▸ GOAL OF THE EXERCISE
Would you set down the data that follows, word for word, without any pictures?
**** INPUT DATA ****
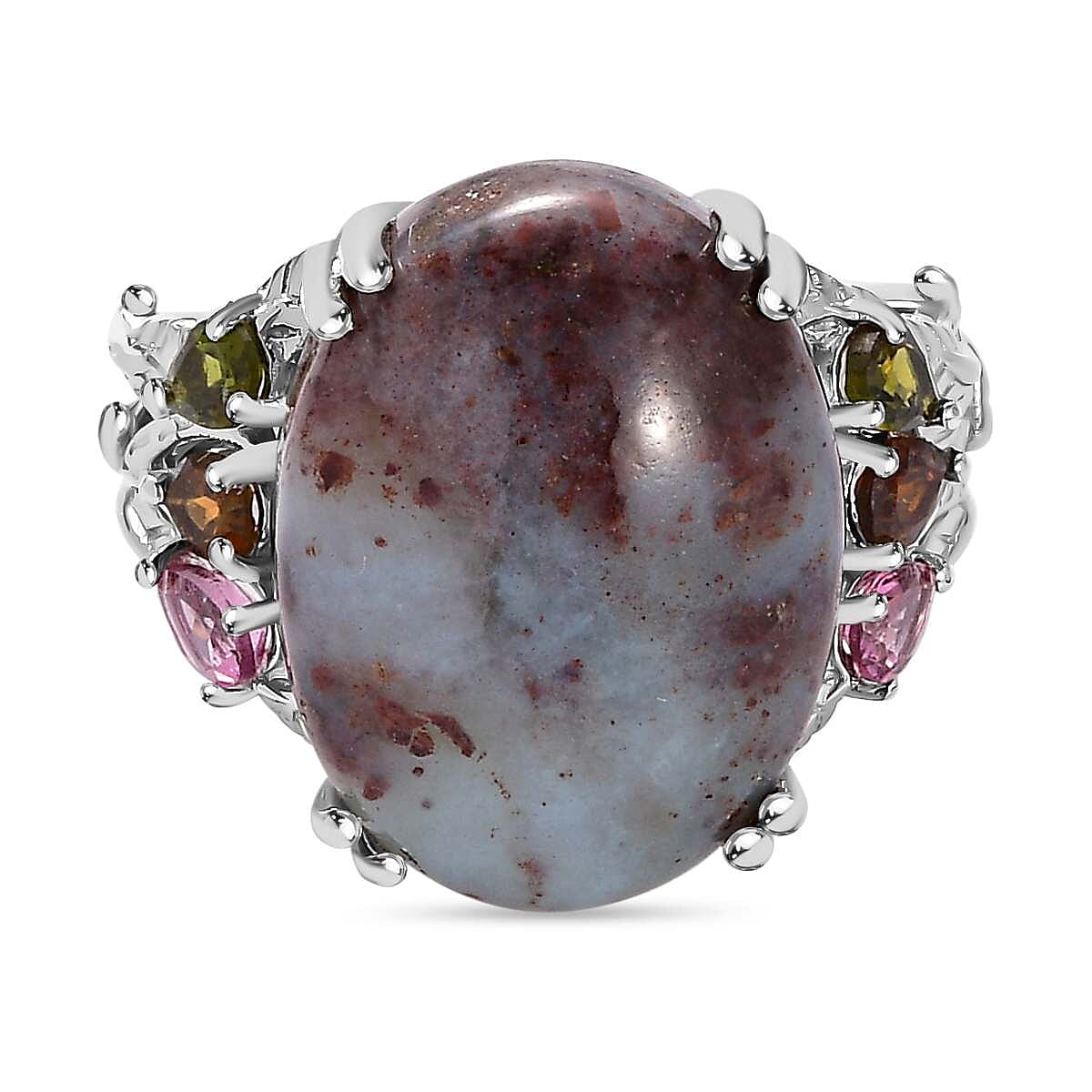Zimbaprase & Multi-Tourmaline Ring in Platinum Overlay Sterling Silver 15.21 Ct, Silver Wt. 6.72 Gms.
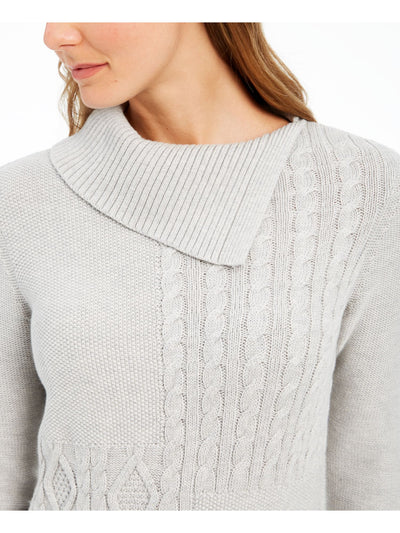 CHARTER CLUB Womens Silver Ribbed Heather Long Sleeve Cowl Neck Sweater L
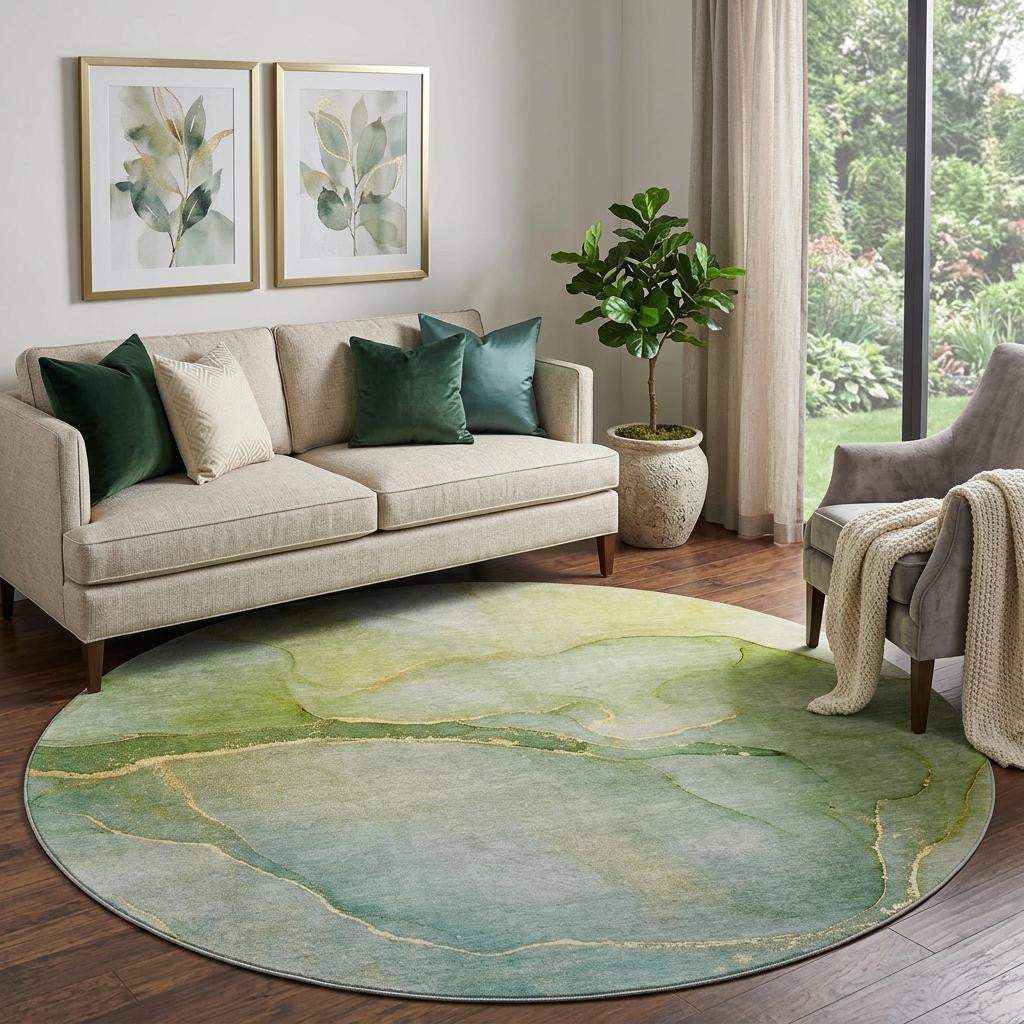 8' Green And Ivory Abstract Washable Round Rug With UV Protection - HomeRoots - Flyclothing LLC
****
▸ RESPONSE TO THIS TASK
Zimbaprase & Multi-Tourmaline Ring in Platinum Overlay Sterling Silver 15.21 Ct, Silver Wt. 6.72 Gms.
 CHARTER CLUB Womens Silver Ribbed Heather Long Sleeve Cowl Neck Sweater L
 8' Green And Ivory Abstract Washable Round Rug With UV Protection - HomeRoots - Flyclothing LLC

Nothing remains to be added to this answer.